A while ago we worked with an incredible leader in a multinational incumbent company. He is smart, driven and wants to do the right thing for the organization — leading its transformational efforts. Alas, he ran into so many brick walls that ultimately he gave up and moved on. After his departure many other execs left the organization for similar reasons.
It is a story which repeats itself over and over again in the corporate world. And it is not confined to only corporates — the very same thing happens (luckily with much lower frequency) with startups, though we tend not to hear about it quite as much (as failed startups are much less of a story than “big company X just lost another key leader”).

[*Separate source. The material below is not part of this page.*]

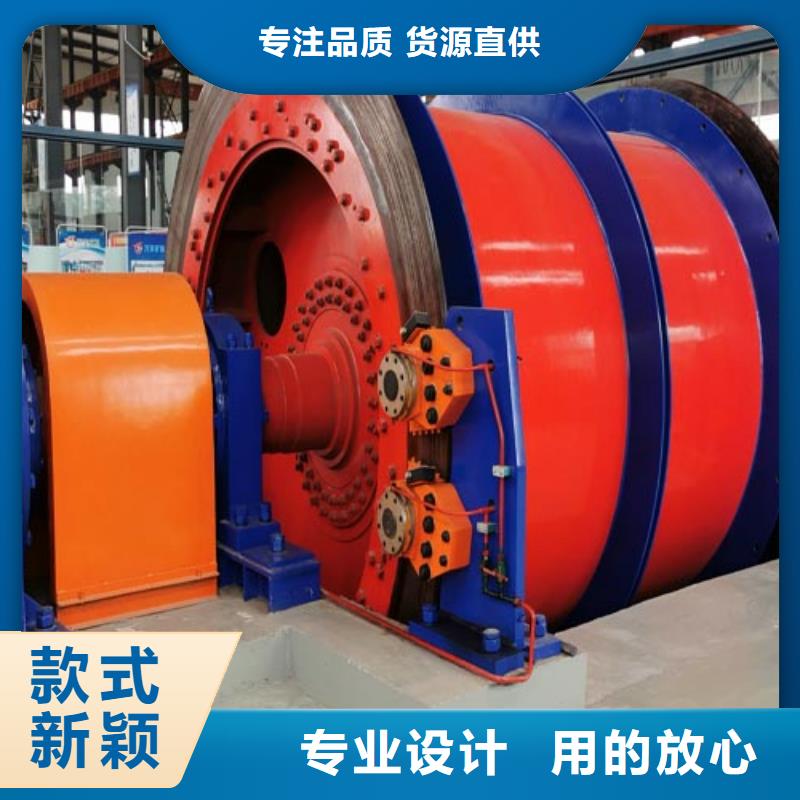 矿用绞车,JTP型矿用绞车专业品质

As part of our ongoing work on our new book on disruption (working title is “Disrupt Disruption” — you can listen to the growing library of interviews with practitioners we collect here), we are analyzing hundreds of innovation efforts, ranging from big corporates to startups. We aim to get to the underlying conditions which create the fertile ground for disruption, and identify the challenges which make incumbents fail — and the few lucky/great ones succeed.
Let me give you the punchline right here and now: The number one reason why (incumbent) companies fail is ego.
Long before innovation efforts inside of corporations fail due to missing product/market fit, or running out of time or funding, or any other reason is that the people involved get invested into protecting their status, hiding their weaknesses, politicking their positions, protecting their egos. It is telling that Harvard Business Review has a series of articles published under the moniker “How to be Human at Work” (no joke!).
It is crazy and sad that this is where it all begins and ends.
The best piece of advice I ever got on this was from a leader of the British Special Forces: In the end it is all common sense — which doesn’t make it common practice.